Section 2 presents the methodology of the comparison round, including a description of the measurements and the setup of the comparison. Sections 3 and 4 give the results of the comparison for the two cases under investigation together with a discussion, which is followed by conclusions.
Firstly, a description is given of the DanAero experiment. Then the setup for the comparison rounds is given, including a summary of the simulation codes.

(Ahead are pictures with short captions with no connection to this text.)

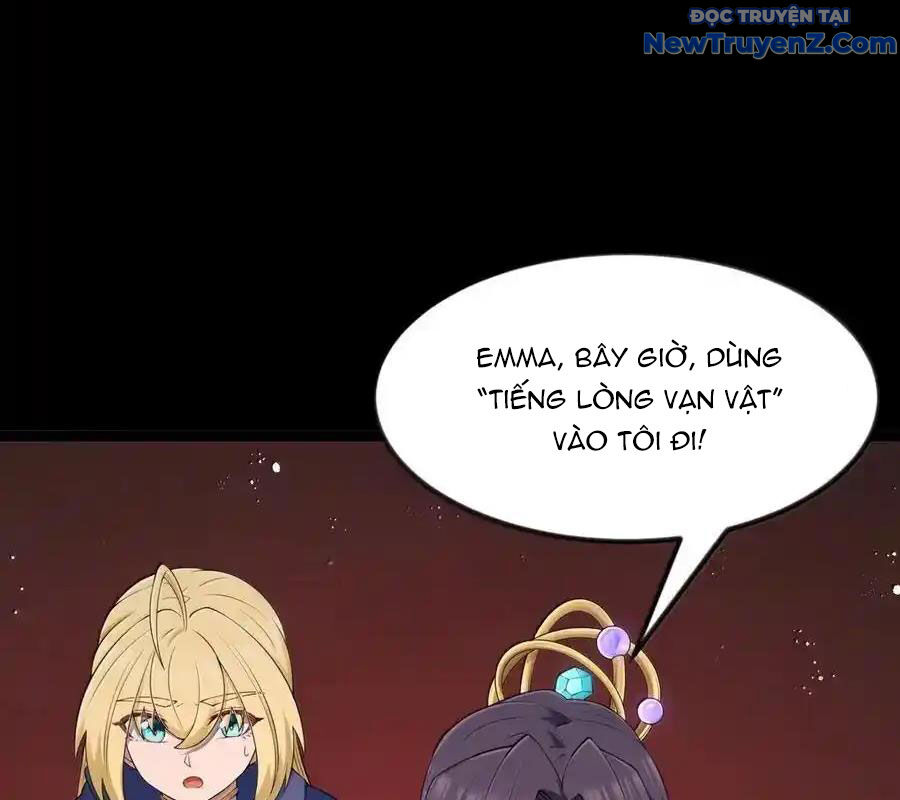 Dũng Giả Này Là Người Theo Chủ Nghĩa Tiền Tài Chí Thượng Chapter 103 - Trang 2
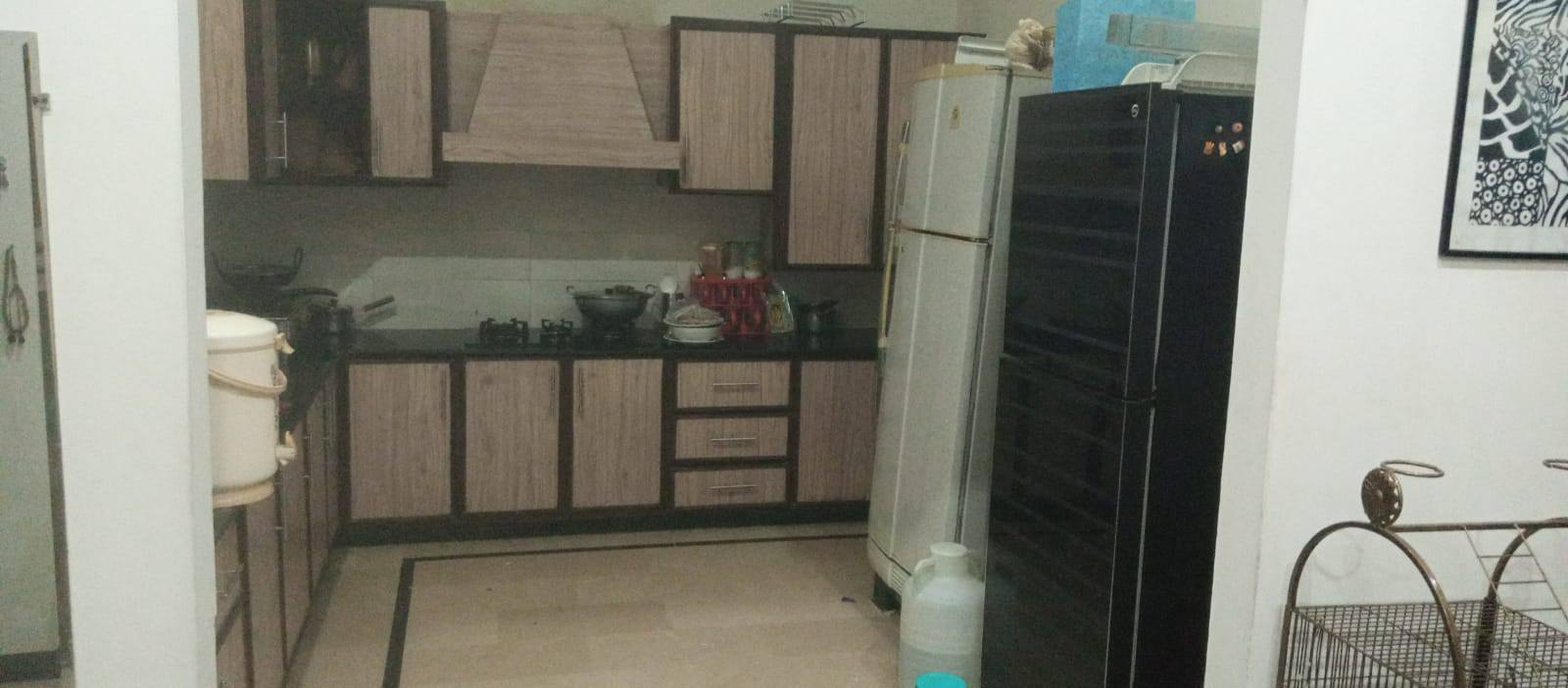 629553457_891344670473658_2659203763961348113_n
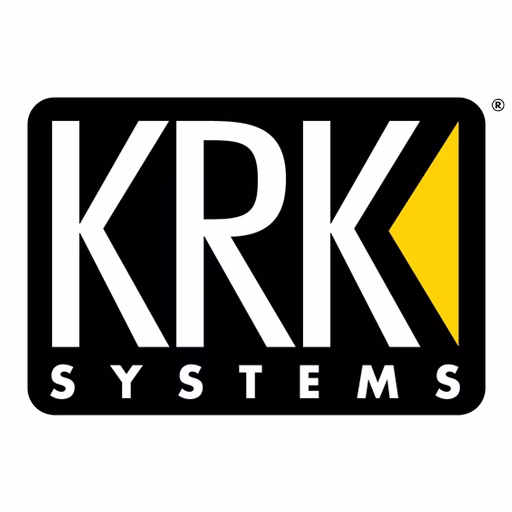 KRK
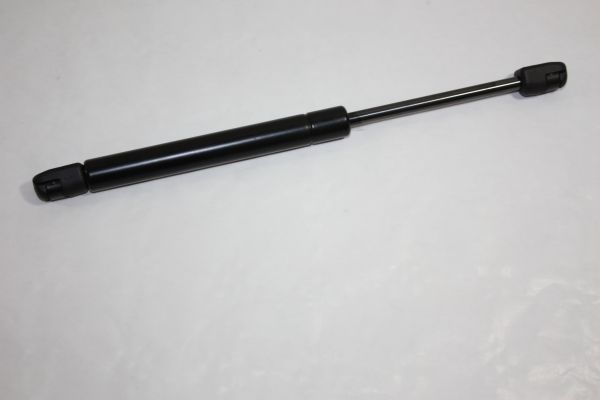 Gas Spring, boot-/cargo area AUTOMEGA 100043210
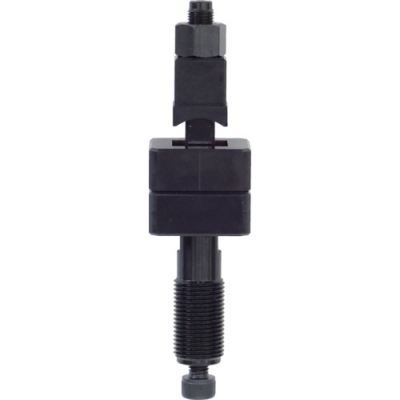 （株）ＩＫＫ DTB195 ＤＩＡＭＯＮＤ　デジタル静音ベンダー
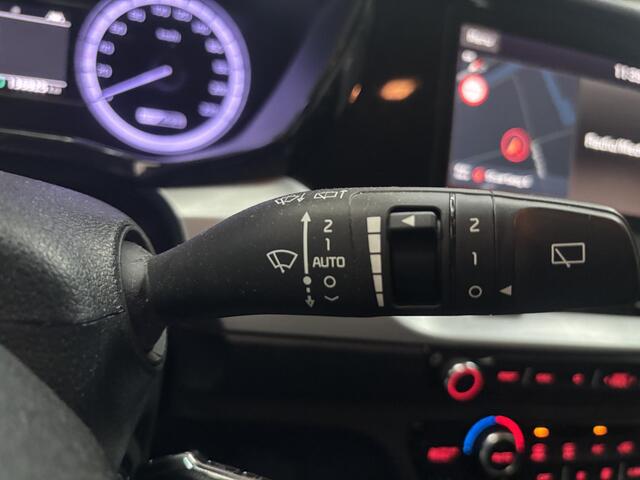 KIA Niro 1.6 GDi PHEV DynamicLine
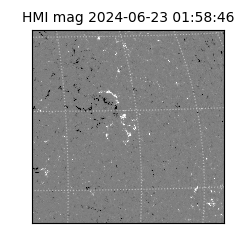 shmi - 2024-06-23T01:58:46.200000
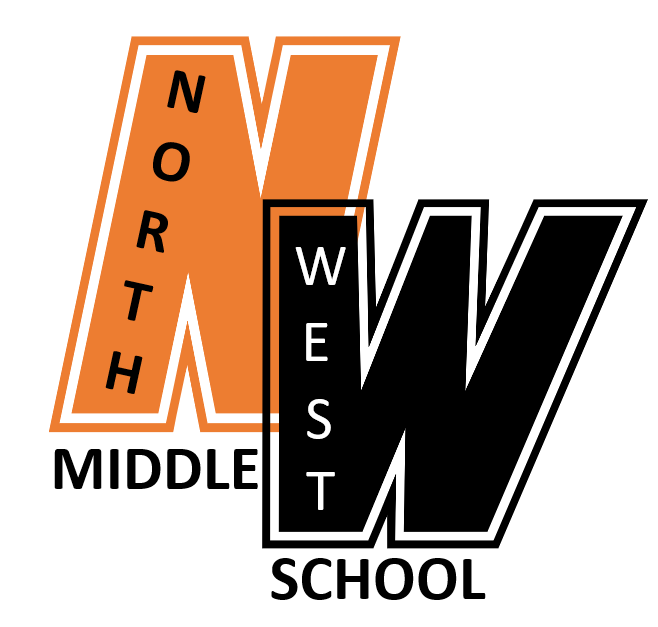 Northwest Middle School "NW"
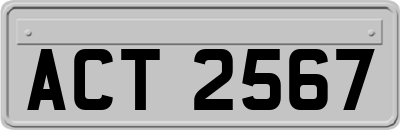 ACT2567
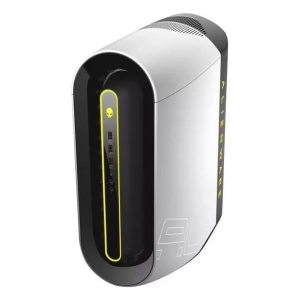 ALIENWARE Aurora R10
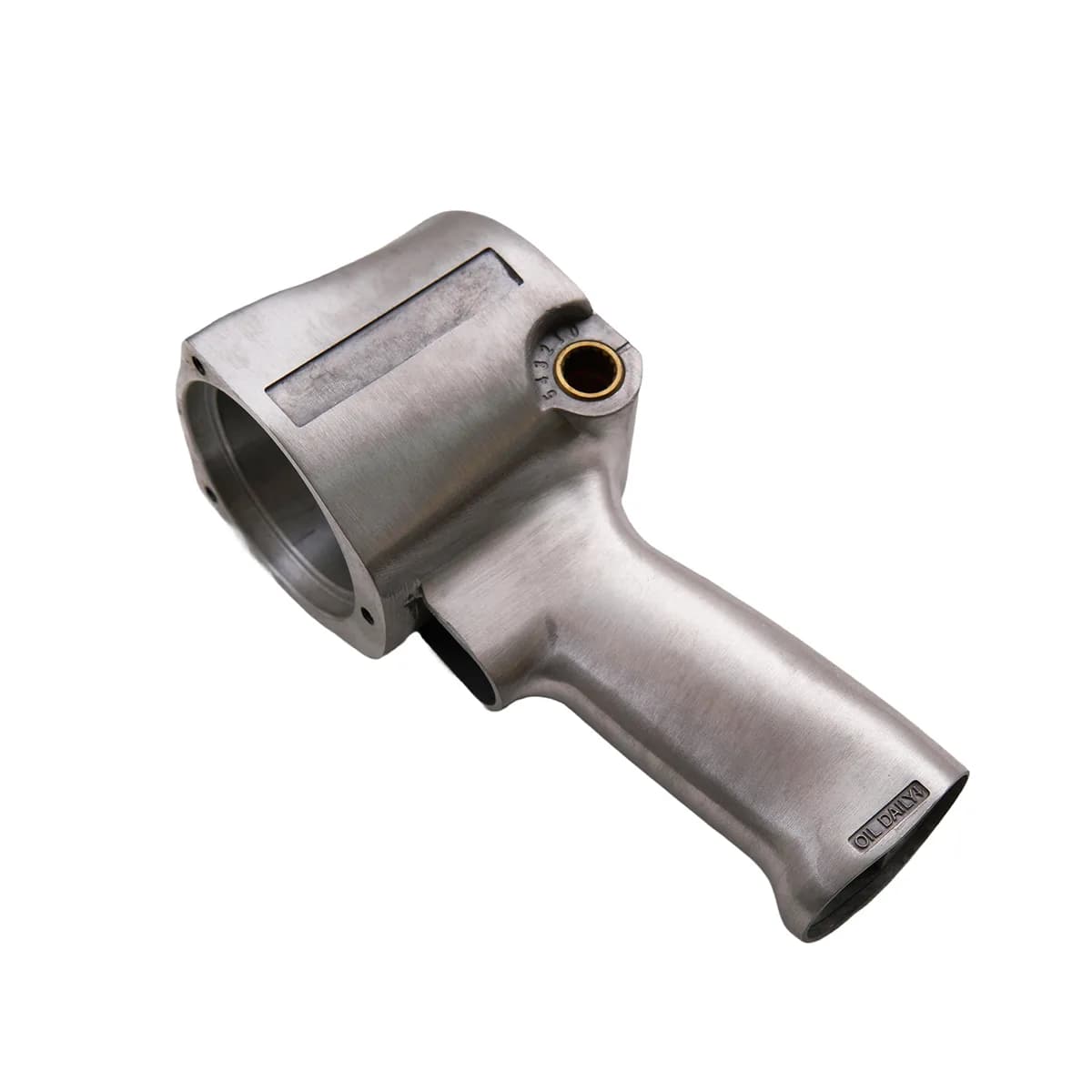 Корпус RT-5268 (Motor Housing) поз.25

2.1 DanAero field measurement campaign
Detailed aerodynamic measurements on MW-scale wind turbines are scarce and open publications about them even more so. An exception lies in the DanAero experiment (Bak et al., 2010; Madsen et al., 2010b), which was carried out in atmospheric field conditions on an NM80 2.3 MW turbine in a Danish project by the Danish Technical University (DTU) and four industrial partners (LM Glasfiber, Siemens WindPower, Vestas and Dong Energy) in two periods from 2007 until 2010 and from 2010 until 2013. At the initiation of IEA Task 29 Phase IV in 2018, the DanAero partners agreed that the measurements, as well as the model data for aerodynamic and aeroelastic modeling of the NM80 turbine, could be shared with the partners participating in this task. The pitch-controlled turbine features three LM38.2 blades, resulting in an 80 m rotor diameter at a 57 m hub height. The level of detail from the instrumentation lies far above the level of conventional wind turbine measurements. In addition to conventional power and loads measurement using strain gauges, not only surface pressures at four sections along a blade (at 13, 19, 30 and 37 m from the rotor center) were measured but also inflow velocities using pitot tubes, and a row of surface flush-mounted microphones was installed at the outer part of the blade. Integrating the measured surface pressures around the sectional airfoil contour resulted in the chord-normal and tangential pressure forces at these four stations. Meteorological measurements were performed using a mast located 313 m (3.9 D – diameters) in a southwesterly direction (237∘) upwind from the turbine. The meteorological mast included cup and sonic anemometers at seven heights up to 93 m. An overview is given in Fig. 1. More details about instrumentation can be found in the dedicated report (Bak et al., 2013).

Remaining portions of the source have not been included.